Airports Council International (ACI World) recently published alternatives to physical distancing at airport security checkpoints, following findings that the measure could reduce checkpoint capacity by up to 75 percent.
According to ACI World, physical distancing has proven to be a good mitigation measure against the spread of the virus but once passenger traffic increases, this will not be viable or sustainable long term, if airports are to keep operations running efficiently.
Through simulations on the impact of applying physical distancing at airport security checkpoints, ACI World tested three scenarios to include the need for increased space for physical distancing in the queue. The results suggested that the checkpoint capacity was reduced by up to 75 percent in the worse-case scenario. Even in the best-case scenario, there was a reduction in 50 percent capacity of a security checkpoint when implementing physical distancing.

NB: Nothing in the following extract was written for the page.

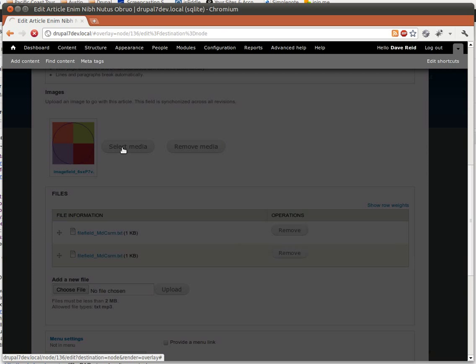If I hit Select Media, it's going to pop up with the Media Browser. By default, all the tabs are going to be visible on this browser.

According to ACI World, alternative measures proposed to physical distancing will still achieve the same outcome, where passenger and staff members remain well protected, while reducing the impact of delays on airport operations. The alternative measures can help airports plan ahead to facilitate an increase in passenger numbers.
Alternatives to physical distancing
Working with EBEA Consulting and Transoft solutions, ACI World designed 11 alternative measures to physical distancing to keep passengers and staff safe while, at the same time, keep checkpoints moving when passenger traffic inevitably increases. Some examples include:
– Face masks
– Pre-travel testing
– Continuous tray or UVC cleaning and high touchpoint cleaning
– Installation of plexiglass
– Crowd monitoring software
Simulations using these alternative measures at checkpoints are explained in two video representations: one for high-throughput airports (greater than 250 pax/hour per security lane), and another one for airports with a more standard flow of traffic (lower than 250 pax/hour per security lane).
“Airports are examining all aspects of their operations as they seek to recover from the impact of COVID-19, foster confidence in air travel, and reassure passengers that health and safety is the number one priority,” ACI World Director General Luis Felipe de Oliveira said.
Airports Council International (ACI) is the trade association of the world’s airports and serves 668 members, operating 1979 airports in 176 countries.